We often think of raising wages as being conducive to productive investment. There is evidence that raising wages increases productivity and decreases turnover rates, two factors that may make it a profitable investment to pay labor more. However, even if bolstering worker compensation would help a company’s long-term growth and profits, we now see that this is weighed against the powerful executive value of share repurchases. Once a decision not to raise wages has been made, this can trickle into other areas of the economy, affecting the decisions made by firms in the same industry. If a subset of businesses are dampening wage growth, and workers then come to expect a certain wage in an industry, then other firms do not have to raise wages as much to compete. This can explain why stock buyback activity is strongly correlated with worker compensation, even though not all companies participate in buybacks to the same extent (many companies do not even have the option since they are private).
Stock Buybacks Aren’t Everything, But They Are Important
“Capitalism as we have known it is dead, and this obsession that we have with maximizing profits for shareholders alone has led to incredible inequality and a planetary emergency.” – Marc Benioff, CEO, Salesforce, at the WEF in Davos
Proponents of stock buybacks urge that, when used right, they are highly beneficial to companies and improve allocative efficiency on a macro scale.
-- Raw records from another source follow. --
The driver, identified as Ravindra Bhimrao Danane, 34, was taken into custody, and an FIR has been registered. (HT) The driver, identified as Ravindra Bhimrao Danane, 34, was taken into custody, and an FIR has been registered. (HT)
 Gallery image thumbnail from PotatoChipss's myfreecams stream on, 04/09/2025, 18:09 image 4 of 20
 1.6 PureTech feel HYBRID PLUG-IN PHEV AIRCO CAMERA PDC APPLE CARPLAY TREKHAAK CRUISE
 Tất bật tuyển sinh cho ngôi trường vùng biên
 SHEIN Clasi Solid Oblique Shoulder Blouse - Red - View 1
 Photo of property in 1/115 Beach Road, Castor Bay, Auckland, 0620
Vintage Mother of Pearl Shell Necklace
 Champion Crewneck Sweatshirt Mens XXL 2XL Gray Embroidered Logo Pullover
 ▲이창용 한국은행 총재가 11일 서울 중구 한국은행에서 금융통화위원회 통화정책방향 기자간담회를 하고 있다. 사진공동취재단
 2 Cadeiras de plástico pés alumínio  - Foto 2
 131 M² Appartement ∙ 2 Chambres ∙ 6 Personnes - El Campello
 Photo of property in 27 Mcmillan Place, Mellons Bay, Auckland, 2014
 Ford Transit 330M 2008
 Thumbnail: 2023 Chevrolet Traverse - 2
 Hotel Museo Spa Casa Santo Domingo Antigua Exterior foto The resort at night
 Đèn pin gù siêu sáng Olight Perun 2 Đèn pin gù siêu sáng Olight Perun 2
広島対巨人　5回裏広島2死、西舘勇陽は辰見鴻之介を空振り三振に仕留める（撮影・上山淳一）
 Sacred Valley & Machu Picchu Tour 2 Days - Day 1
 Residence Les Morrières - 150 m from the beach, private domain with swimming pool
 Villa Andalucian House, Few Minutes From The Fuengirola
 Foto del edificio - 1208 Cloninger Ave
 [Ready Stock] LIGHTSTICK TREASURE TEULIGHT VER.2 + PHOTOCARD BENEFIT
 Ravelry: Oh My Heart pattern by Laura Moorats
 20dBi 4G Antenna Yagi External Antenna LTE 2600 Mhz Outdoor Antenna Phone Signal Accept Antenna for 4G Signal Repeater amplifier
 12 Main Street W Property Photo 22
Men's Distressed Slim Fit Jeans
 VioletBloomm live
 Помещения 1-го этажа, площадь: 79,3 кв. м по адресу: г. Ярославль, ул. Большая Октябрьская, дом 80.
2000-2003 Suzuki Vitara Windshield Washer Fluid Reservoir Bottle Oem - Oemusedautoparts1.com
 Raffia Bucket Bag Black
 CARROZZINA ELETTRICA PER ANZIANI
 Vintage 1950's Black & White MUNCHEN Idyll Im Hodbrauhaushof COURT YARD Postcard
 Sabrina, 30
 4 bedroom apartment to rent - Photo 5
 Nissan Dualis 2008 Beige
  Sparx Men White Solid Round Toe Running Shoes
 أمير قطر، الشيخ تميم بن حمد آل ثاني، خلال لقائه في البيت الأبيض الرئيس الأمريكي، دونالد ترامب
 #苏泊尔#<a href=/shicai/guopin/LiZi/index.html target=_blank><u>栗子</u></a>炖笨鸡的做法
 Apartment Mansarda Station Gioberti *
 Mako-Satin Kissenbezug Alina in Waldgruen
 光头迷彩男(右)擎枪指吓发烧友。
However, it seems as though our current executive incentive structure has been obstructing this ideal, with evidence that other areas of business spending such as wages are taking the hit.
It is worth noting that stock buybacks are just one among a host of factors that could be restraining wage growth in the United States, from the decline of union participation to increased market concentration, globalization, moderate minimum wage growth, lower labor force participation rates, and even increased government benefits. They are also only one cog in the decades-long expansion of shareholder primacy, and it is likely a preoccupation with share price would still thrive if buybacks were outlawed (dividends have also increased sharply as a share of GDP starting in the early 80’s).
Regardless, the result of further research and debates on the topic has important implications. If the United States aims to curb its steadily widening income gap, tackling stock buybacks could be a great start; policies addressing the shortcomings of buybacks—such as altering board compositions to influence executive incentives, implementing buyback thresholds, or outlawing the practice entirely—are lower-hanging fruit than, say, reconstructing unions or breaking up large monopolies. Such change could be a powerful step forward as the United States begins embracing “stakeholder capitalism” once again.